Here: https://github.com/roboticslab-uc3m/teo-configuration-files/blob/be671ec5b791d9681ba096f9767fe273dbec2d27/share/kinematics/leftArm3dofKinematics.ini we can see a hack for a 3 DoF solver. iCub iKin has a way to block joints in the API. This could be interesting, also for the 8 DoF case (trunk+arm) to avoid other hacks like https://github.com/roboticslab-uc3m/teo-configuration-files/blob/be671ec5b791d9681ba096f9767fe273dbec2d27/share/kinematics/rightArmKinematics-pan45-tilt30.ini for ironing.

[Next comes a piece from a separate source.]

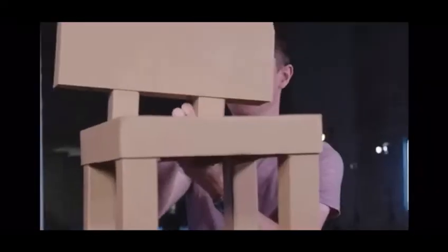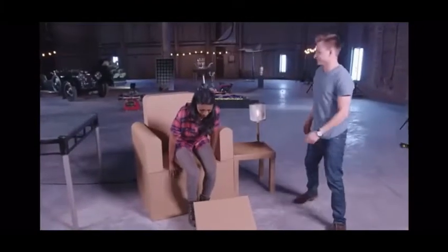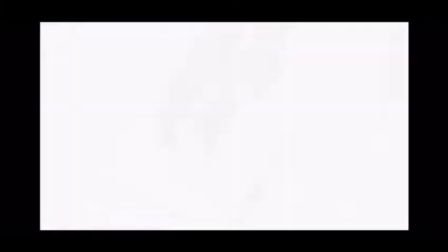That really does look very chair-like. Yeah.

Context: cleaning up teo-configuration-files at https://github.com/roboticslab-uc3m/teo-configuration-files/issues/7 as part of reviewing TEO kinematic model at https://github.com/roboticslab-uc3m/teo-main/issues/38

[jgvictores]

PS: Yet another case was https://github.com/roboticslab-uc3m/teo-configuration-files/blob/be671ec5b791d9681ba096f9767fe273dbec2d27/share/kinematics/leftArm22Kinematics.ini, where we used a single active joint to test GCMP.

[jgvictores]

Just to sum up use cases and solutions: 1) Ironing (most important use case): For ironing, we move TEO's trunk. Therefore, H0 must be set accordingly. At best BCC could be configured to dynamically read /teo/trunk for all computations (an idea issue could be open for this). For now, simply establishing the practice to init BCC via parameters and not end up with infinite .ini files for infinite trunk configuratios would be great. 2) Robot where they decided to expose arm and hand on the same port (e.g. iCub as far as I recall): This issue is solvable simply by depending on the number of joints established in our configuration files, and not relying on data from getAxes(). 3) A 3 DOF solver: In this use case, we decide to implement a solver that uses 3 DOF to reach 3D positions, and only moves 3 selected joints, not caring about orientation. I guess we can postpone this and track its development on a separate issue.

[PeterBowman]

With KDL, it is actually possible to block certain joints via weighting matrices in certain differential IK solvers (internally used by some position IK solvers, so it's involved in IK computation), namely KDL::ChainIkSolverVel_wdls (for chains) and KDL::TreeIkSolverVel_wdls (for trees). The latter has been implemented in KdlTreeSolver and successfully tested, see https://github.com/roboticslab-uc3m/kinematics-dynamics/issues/190#issuecomment-775453651.

See also https://github.com/roboticslab-uc3m/teo-configuration-files/issues/28 regarding trunk+arm cartesian control.

[PeterBowman]

KDL::ChainIkSolverVel_wdls has been implemented at https://github.com/roboticslab-uc3m/kinematics-dynamics/commit/09e823a52123a3a9f91bed484f1b169d107ff5c0, it accepts two additional weightJS and weightTS options in the same way as explained in the tree structure scenario at https://github.com/roboticslab-uc3m/kinematics-dynamics/issues/190#issuecomment-775453651. To enable it, use --ikVel wdls (default is --ikVel pinv). The --ik option is now an alias for --ikPos.

PS This is probably something we might want to add tutorials for at teo-developer-manual.